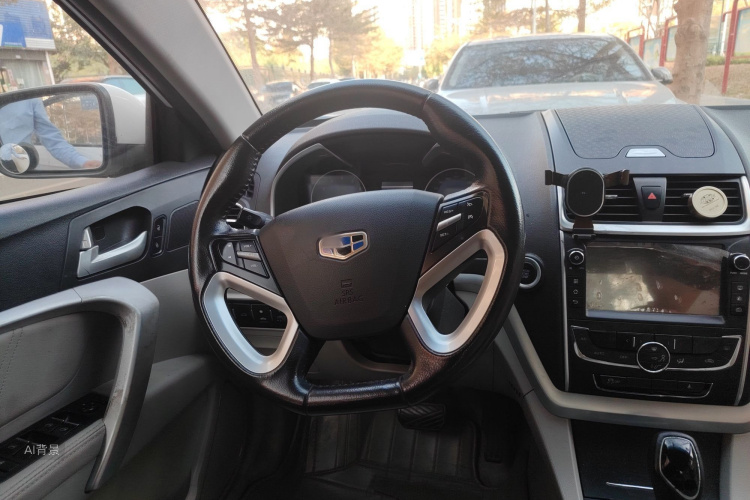GEELY Emgrand 2016 car image #12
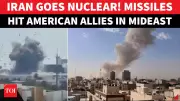 Iran Launches Missile Barrage on Gulf Capitals After US-Israeli Strikes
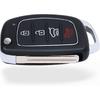 Keyless Entry Remote Key Fob Replacement for Hyundai Sonata 2014 2015 2016 2017 433MHz 4 Buttons (FCC ID:TQ8-RKE-4F16 PN: 95430-C1010)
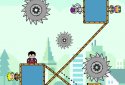 Rope Pixel Master - Rescue Hero Academy screenshot 1
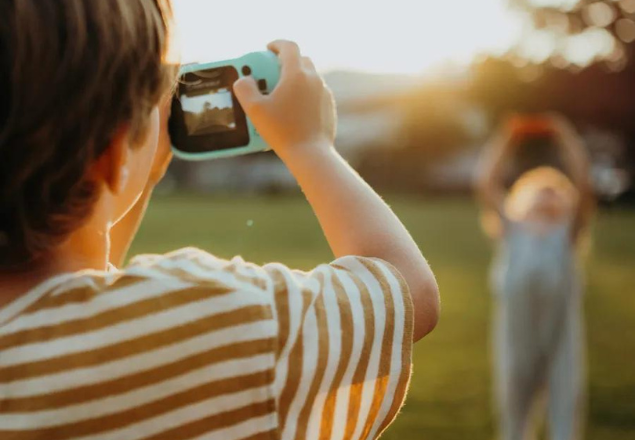 Aparat foto-video digitala pentru copii Kidycam, Kidywolf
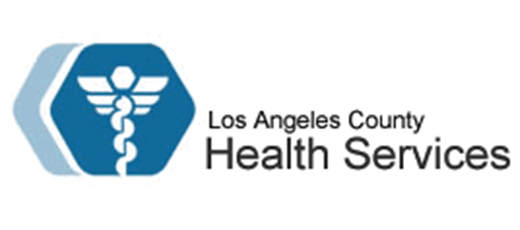 LA County Health Services logo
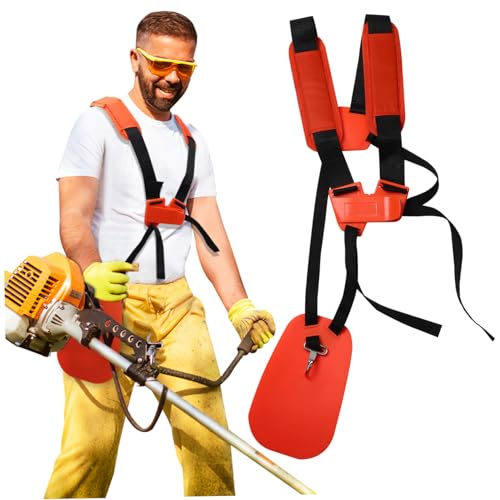 TOYANDONA Verstellbarer Langlebiger Schultergurt für Motorsense und Rasentrimmer Gepolstert Komfortabel Einfach Anzupassen Robustes Material für Gartenarbeit und Rasenpflege TOYANDONA Verstellbarer Langlebiger Schultergurt für Motorsense und Rasentrimmer Gepolstert Komfortabel Einfach Anzupassen Robustes Material für Gartenarbeit und Rasenpflege von TOYANDONA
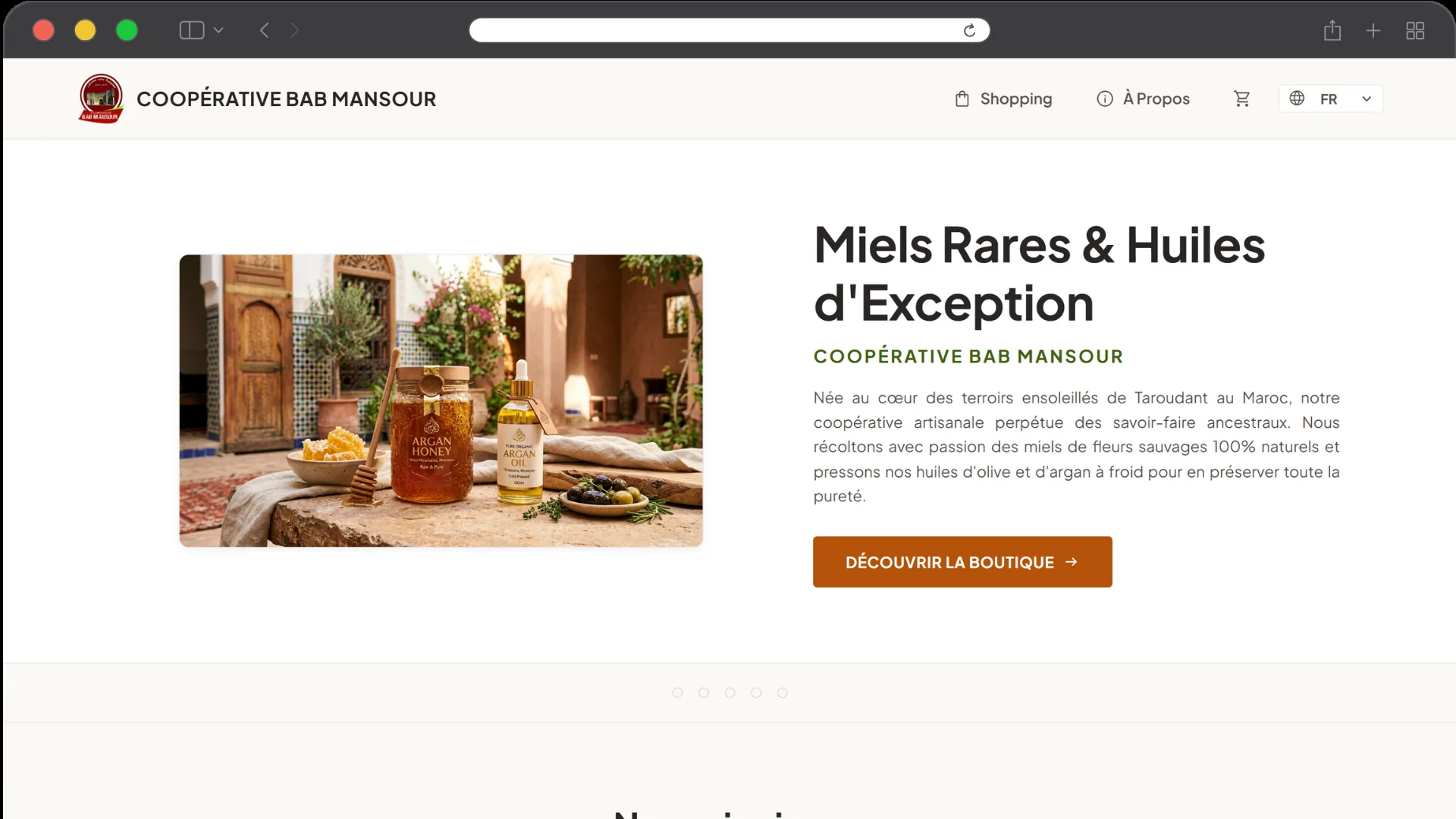 E-Commerce SaaS Dashboard
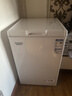 澳柯玛（AUCMA）100升单温冷柜家用减霜小冰柜冷藏柜冷冻柜小型冷柜卧式顶开门冰箱一级能效 BC/BD-100H 以旧换新 实拍图
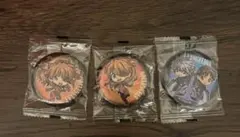 エヴァンゲリオン缶バッジ3個セット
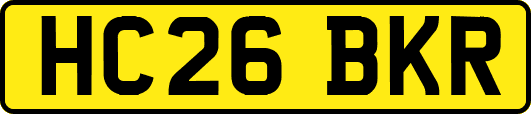 HC26BKR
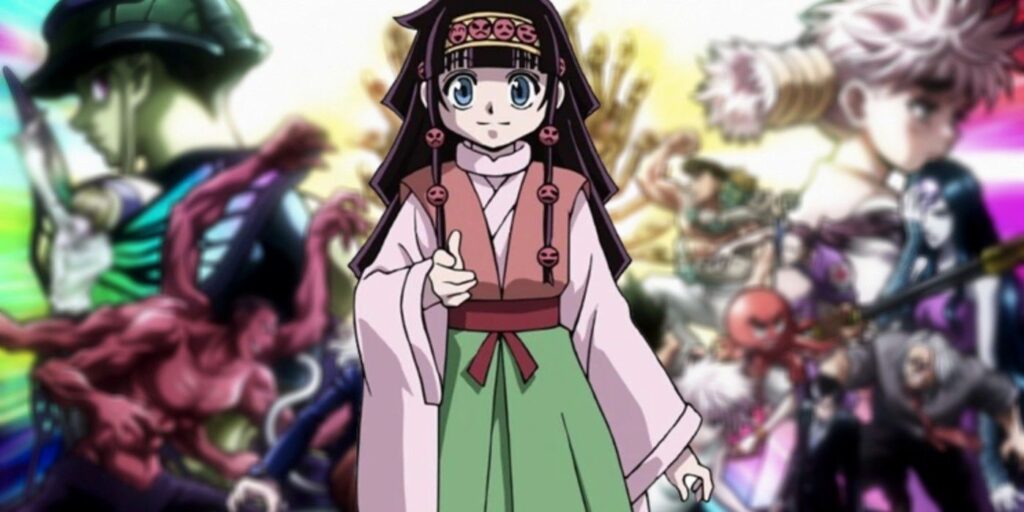 La representación trans de Hunter x Hunter todavía está por delante de Marvel y DC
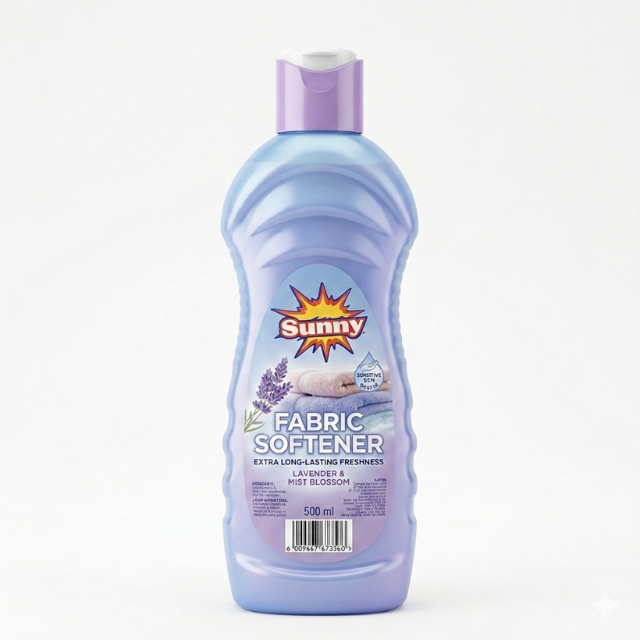 Sunny-Extra Fabric Softener – 500 ml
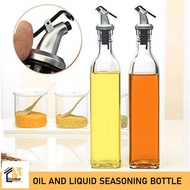 Lucky Household Kitchen Oil Control Bottle Stainless Steel Oil Spout Soy Sauce Vinegar Oil Bottle
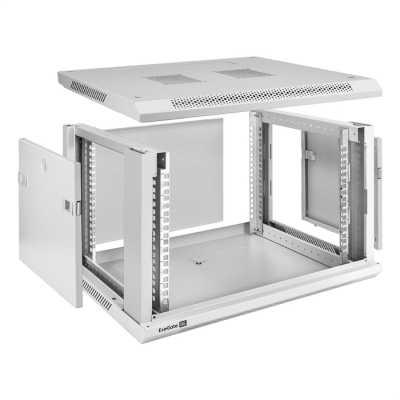 телекоммуникационный шкаф ExeGate EC-WM-6U.450.M.GREY EX298611RUS Серый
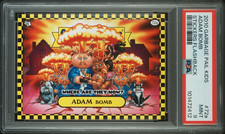 2010 Topps Garbage Pail Kids Flashback Where Are They Now ADAM BOMB 72a PSA 9 MT picture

|---|

## The problem
Set all of the records down once more, letter for letter, with the images removed.

## Exercise answer
GEELY Emgrand 2016 car image #12
 Iran Launches Missile Barrage on Gulf Capitals After US-Israeli Strikes
 Keyless Entry Remote Key Fob Replacement for Hyundai Sonata 2014 2015 2016 2017 433MHz 4 Buttons (FCC ID:TQ8-RKE-4F16 PN: 95430-C1010)
 Rope Pixel Master - Rescue Hero Academy screenshot 1
 Aparat foto-video digitala pentru copii Kidycam, Kidywolf
 LA County Health Services logo
 TOYANDONA Verstellbarer Langlebiger Schultergurt für Motorsense und Rasentrimmer Gepolstert Komfortabel Einfach Anzupassen Robustes Material für Gartenarbeit und Rasenpflege TOYANDONA Verstellbarer Langlebiger Schultergurt für Motorsense und Rasentrimmer Gepolstert Komfortabel Einfach Anzupassen Robustes Material für Gartenarbeit und Rasenpflege von TOYANDONA
 E-Commerce SaaS Dashboard
 澳柯玛（AUCMA）100升单温冷柜家用减霜小冰柜冷藏柜冷冻柜小型冷柜卧式顶开门冰箱一级能效 BC/BD-100H 以旧换新 实拍图
 エヴァンゲリオン缶バッジ3個セット
 HC26BKR
 La representación trans de Hunter x Hunter todavía está por delante de Marvel y DC
 Sunny-Extra Fabric Softener – 500 ml
 Lucky Household Kitchen Oil Control Bottle Stainless Steel Oil Spout Soy Sauce Vinegar Oil Bottle
 телекоммуникационный шкаф ExeGate EC-WM-6U.450.M.GREY EX298611RUS Серый
 2010 Topps Garbage Pail Kids Flashback Where Are They Now ADAM BOMB 72a PSA 9 MT picture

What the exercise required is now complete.